> _Given information_
•••••

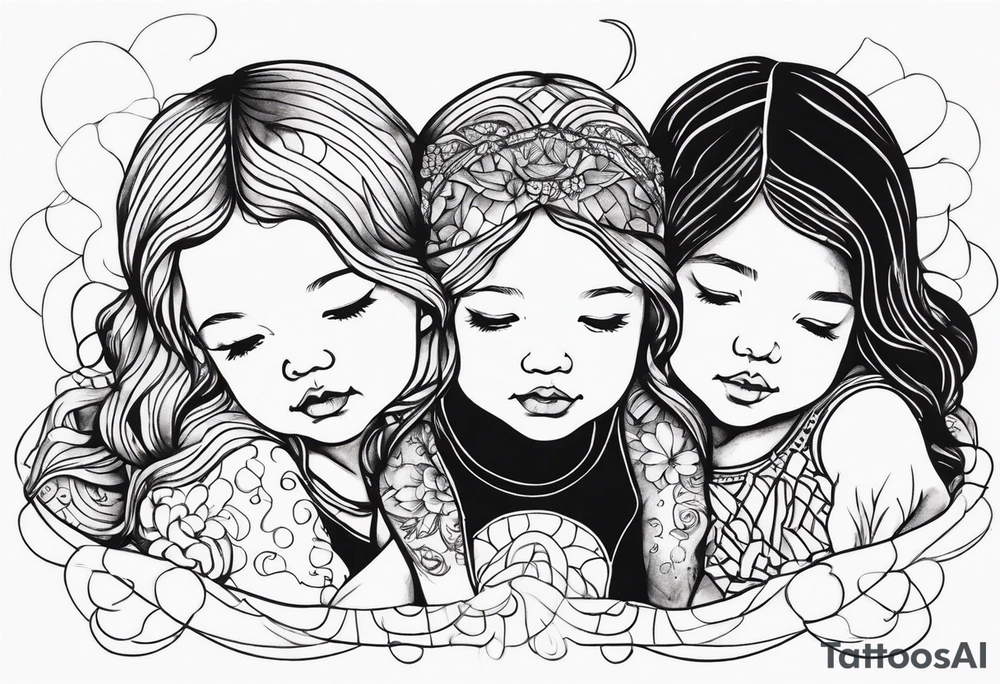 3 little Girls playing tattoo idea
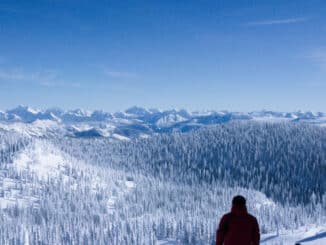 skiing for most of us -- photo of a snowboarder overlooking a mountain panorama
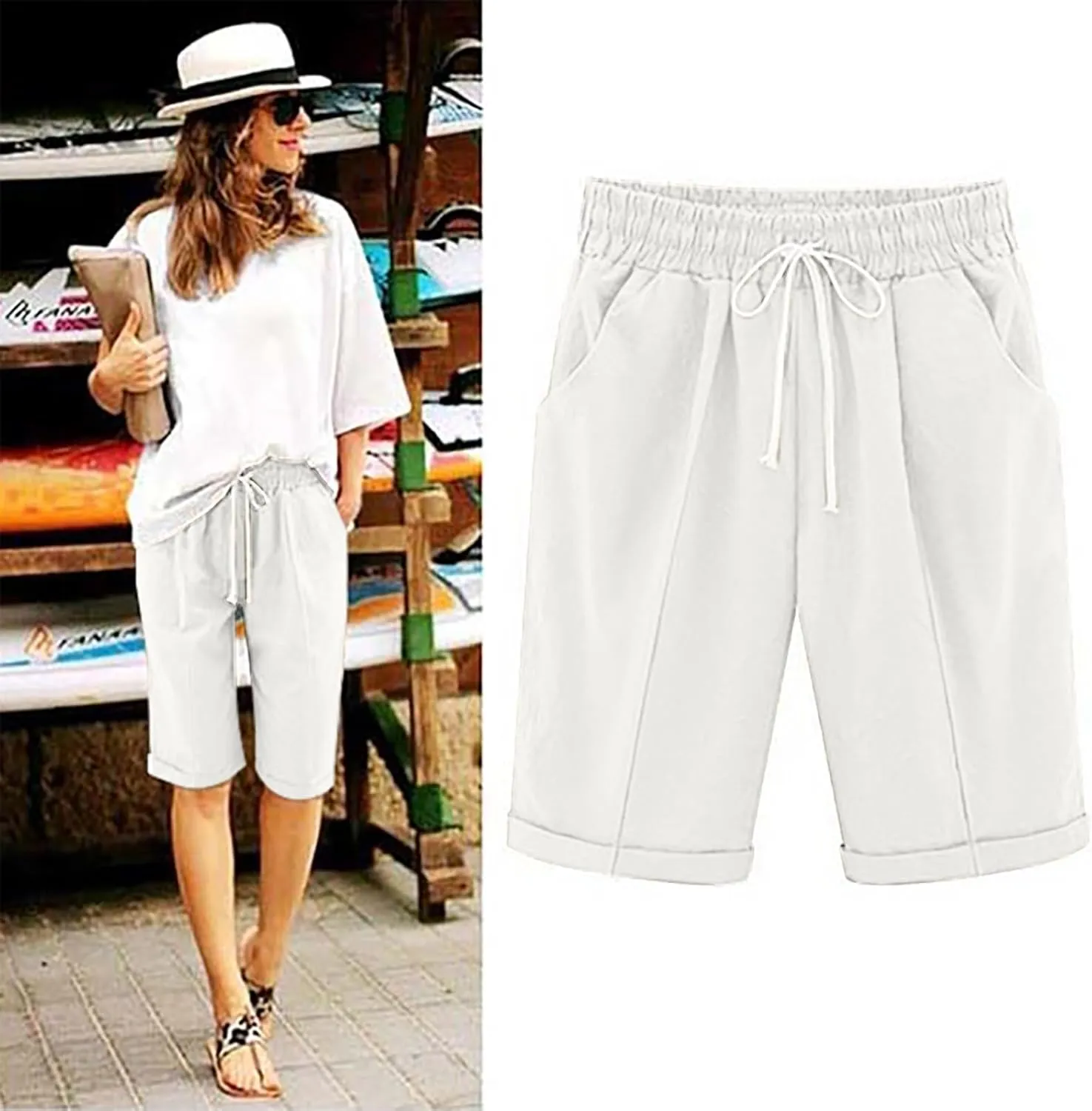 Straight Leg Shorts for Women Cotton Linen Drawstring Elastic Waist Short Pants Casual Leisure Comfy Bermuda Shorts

•••••

> _The problem_
The answer should be the complete listing, set down exactly, without pictures.

> _Solution for this task_
 3 little Girls playing tattoo idea
 skiing for most of us -- photo of a snowboarder overlooking a mountain panorama
 Straight Leg Shorts for Women Cotton Linen Drawstring Elastic Waist Short Pants Casual Leisure Comfy Bermuda Shorts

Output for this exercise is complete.